What is needed
Give the data below again exactly as written, without its pictures.

Available records
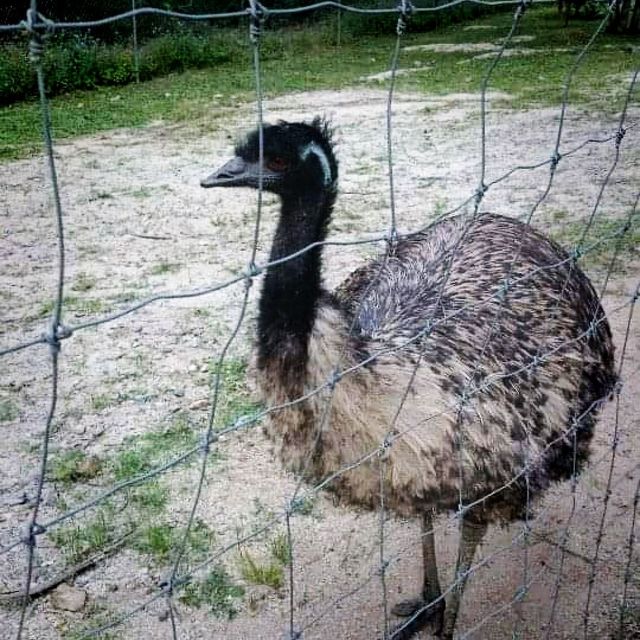 Petting Zoo In Gold Coast Australia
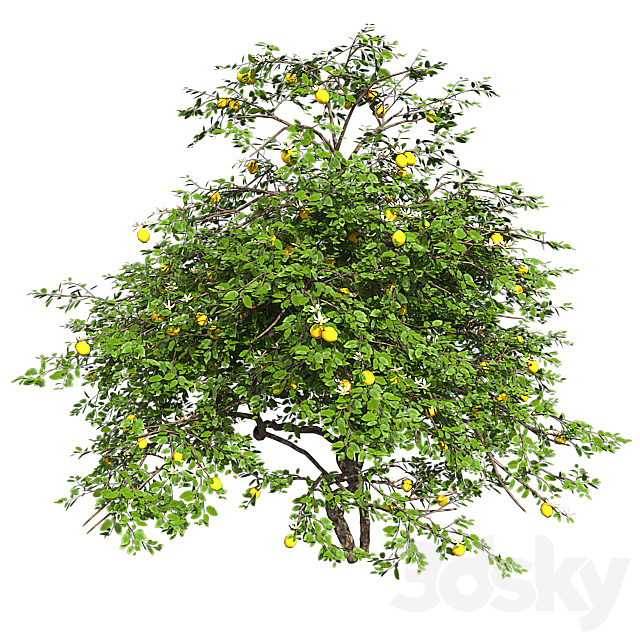 Lemon Tree with fruits and blossom 3DSMax File - thumbnail 3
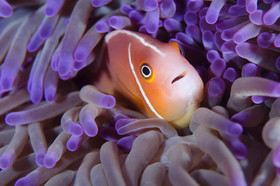 Clown et anémone violette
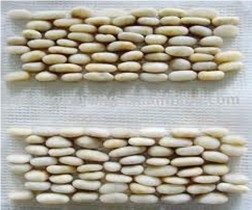 Yellow Stand Pebble Tile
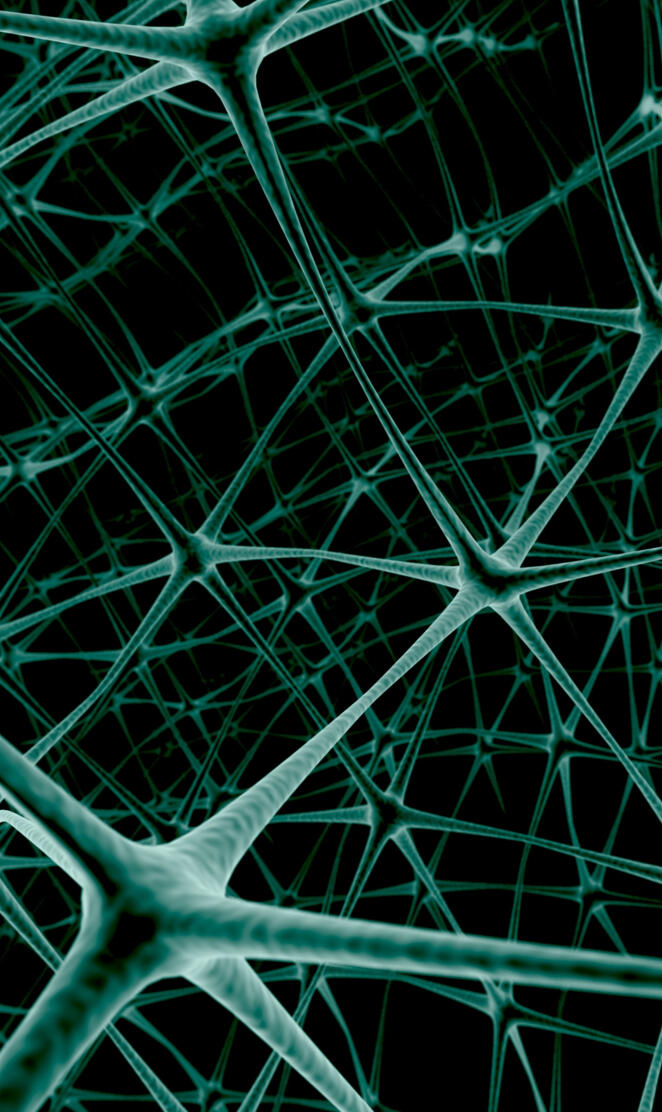 Net Neuron
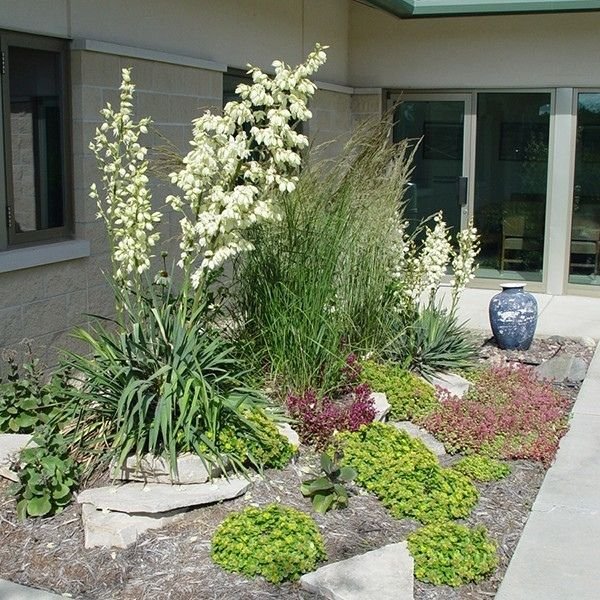 Close-up of white yucca flowers on Adam's Needle Yucca blooming in early summer to late summer.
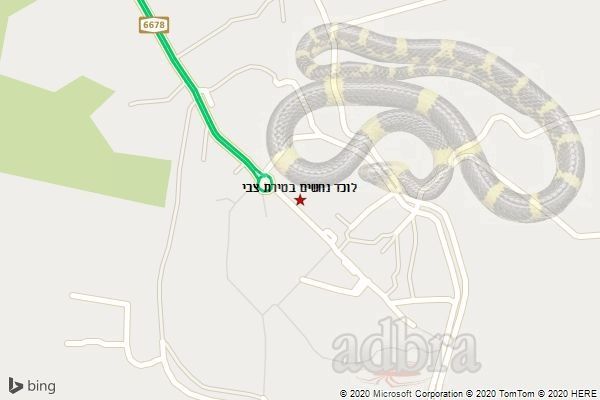 לוכד נחשים בטירת צבי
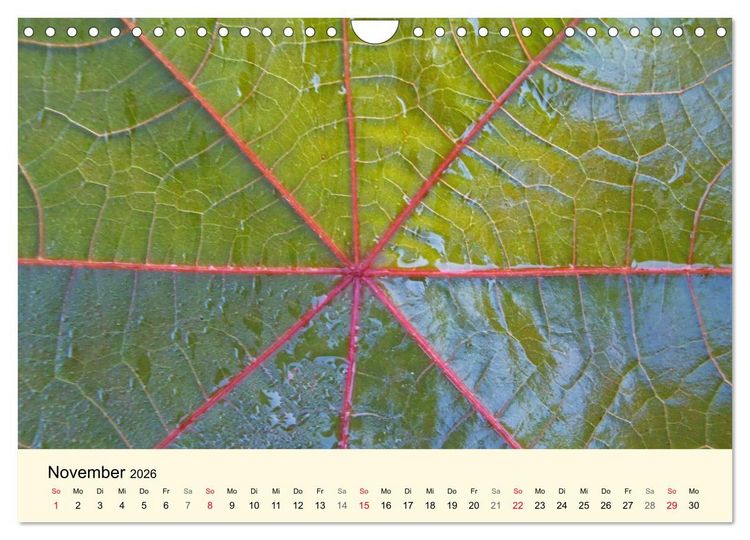 Produktbild: Kraftquelle Gr&uuml;n (Wandkalender 2026 DIN A4 quer), CALVENDO Monatskalender
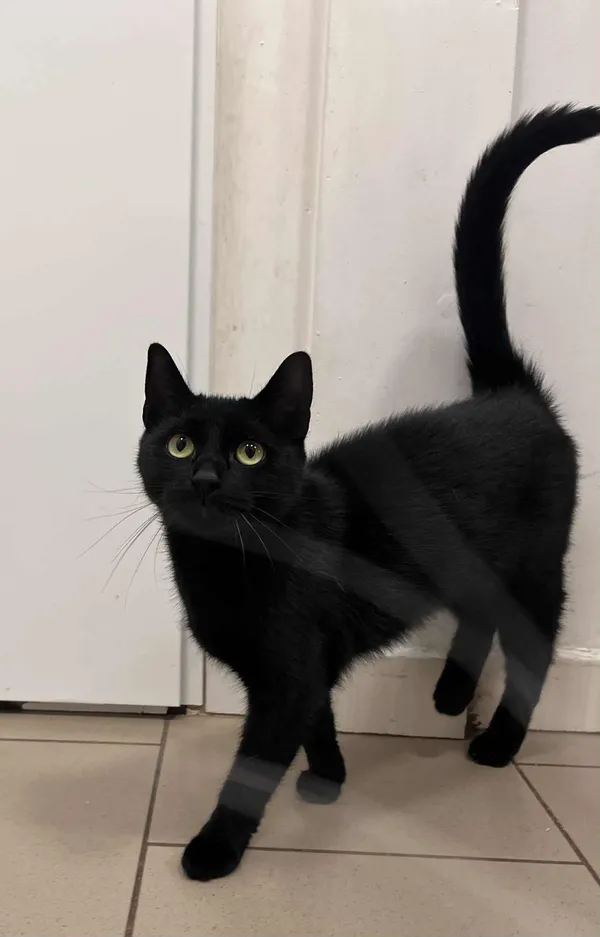 Kot do adopcji, Włocławek, 23 września 2025 (4/5)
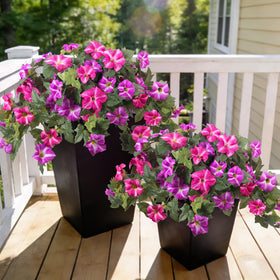 Ammyoo petunia packaging shows four ready-to-decorate bundles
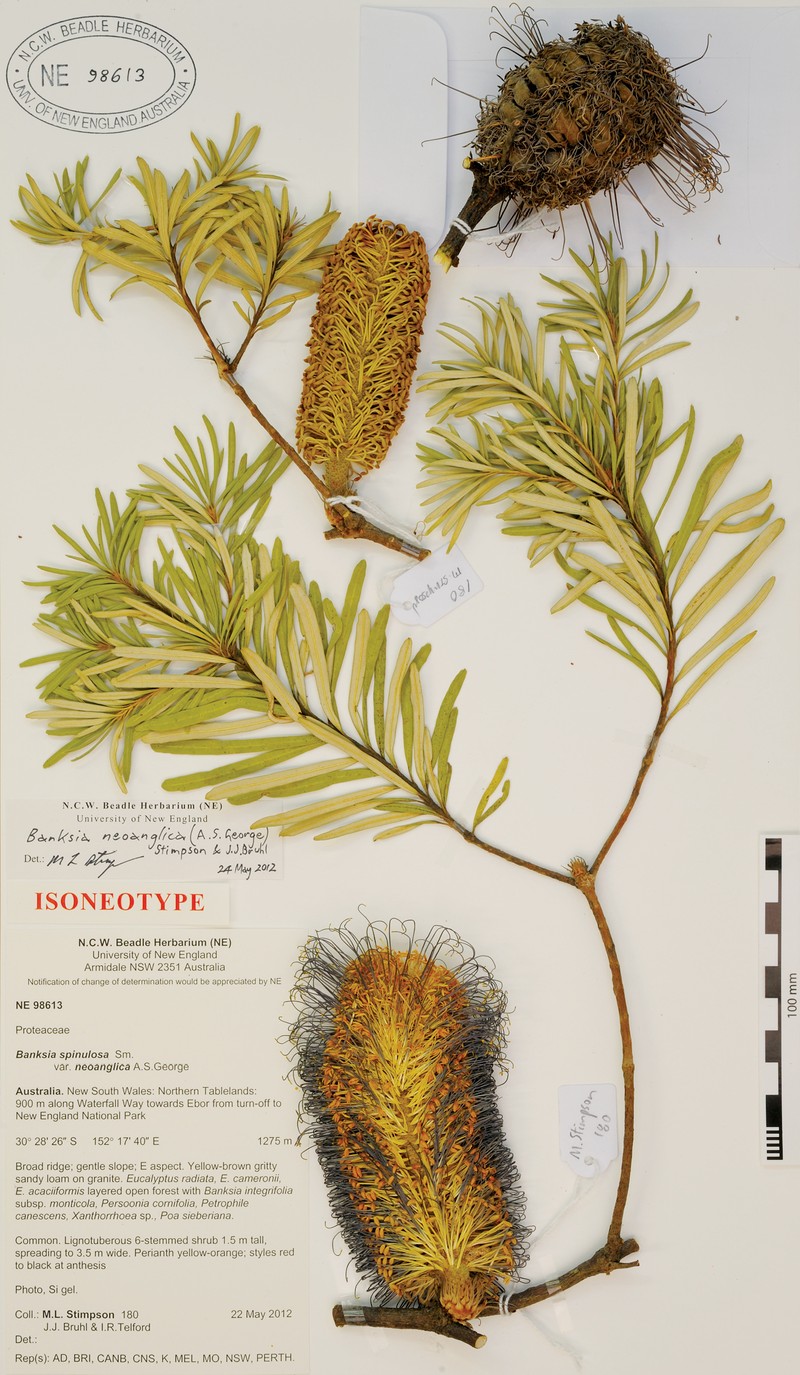 Banksia neoanglica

Task result
 Petting Zoo In Gold Coast Australia
 Lemon Tree with fruits and blossom 3DSMax File - thumbnail 3
 Clown et anémone violette
 Yellow Stand Pebble Tile
 Net Neuron
 Close-up of white yucca flowers on Adam's Needle Yucca blooming in early summer to late summer.
 לוכד נחשים בטירת צבי
 Produktbild: Kraftquelle Gr&uuml;n (Wandkalender 2026 DIN A4 quer), CALVENDO Monatskalender
 Kot do adopcji, Włocławek, 23 września 2025 (4/5)
 Ammyoo petunia packaging shows four ready-to-decorate bundles
 Banksia neoanglica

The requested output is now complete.